第6回Alice / 韓国「将来はサムスン電子の女性リーダーとして中国市場で活躍!」

<プロフィール>
1984年、韓国ソウル生まれ。高校の3年間を父親の仕事の赴任先である中国山東省の青島で過ごす。高校卒業後は単身でソウルへ戻り、女性リーダー育成をビジョンに掲げる淑明女子大学校で、中国文学および、中国研究特別プログラムの2つの学位を修了。大学卒業後、サムスン電子に入社し中国携帯電話事業における製品/サービスのポートフォリオ戦略や事業計画を担当。2014年、中国北京の清華大学(Tsinghua-MIT Global MBAプログラム)に社費留学。MBA修了後は中国ビジネスへの深い見識と経験を活かし、サムスン電子中国事業のエキスパートを目指す。
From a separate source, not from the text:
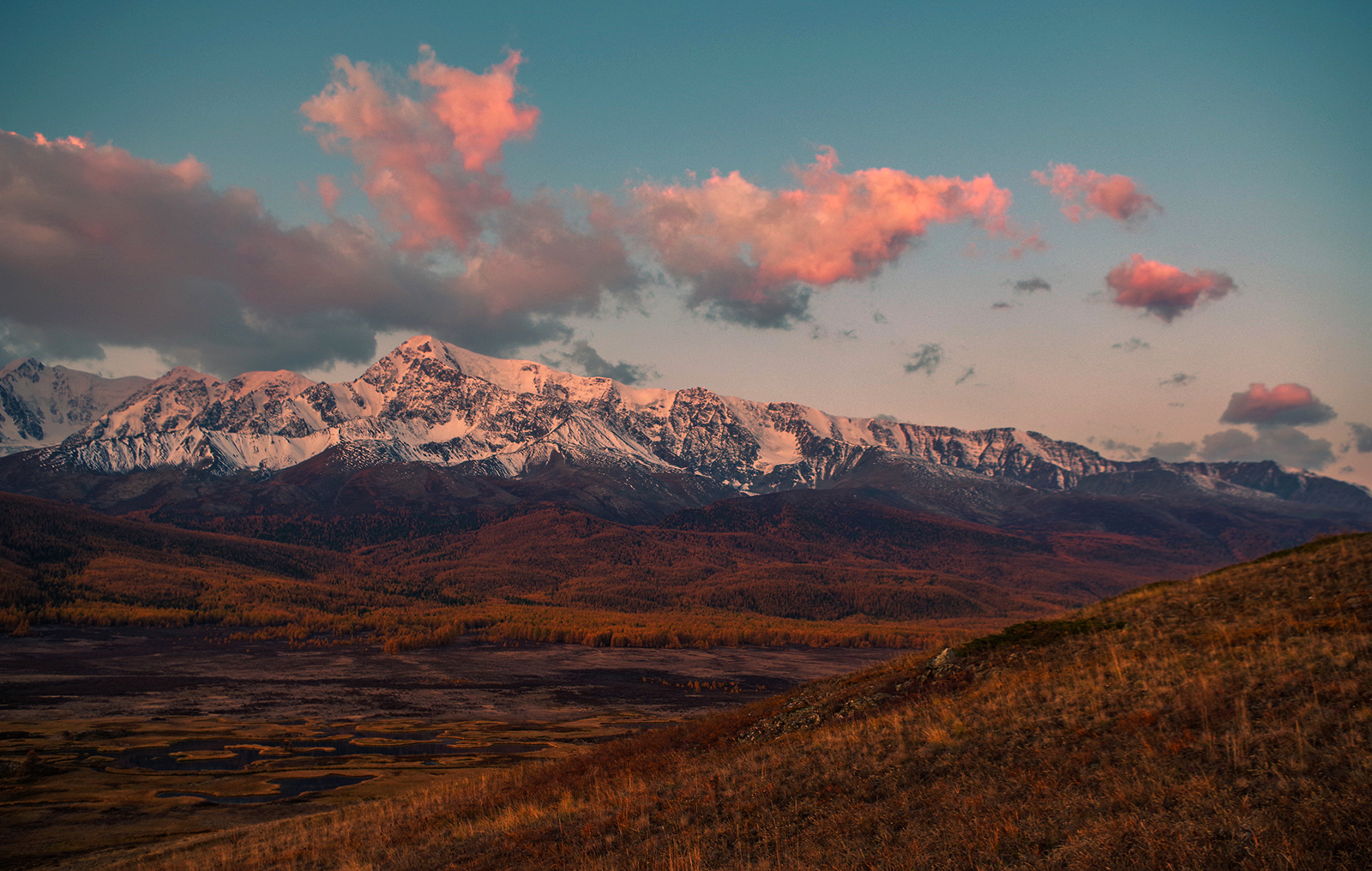 For the sake of sunrises - My, Altai Republic, Travels, Michael, Holidays in Russia, Leisure, The photo, Landscape, Longpost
周藤(以下、(周)):高校で中国に行った経緯を教えてもらえる?

Alice(以下、(A)):私が小さい頃に、父親が仕事の関係で中国山東省青島市にある平度市に赴任することになったの。でも、当時は私の弟もすごく小さかったし、平度市で外国人を受け入れる教育制度もそこまでは発達していなかったから、最初は父が単身赴任で行くことになった。でも1992年の中国と韓国が国交樹立して以降は中韓の関係性も良くなっていったし、中国経済もどんどん発展していった。2000年になるころには弟も大きくなっていたこともあって、家族一緒に平度市で住むことにした、それが私が高校1年生のころだね。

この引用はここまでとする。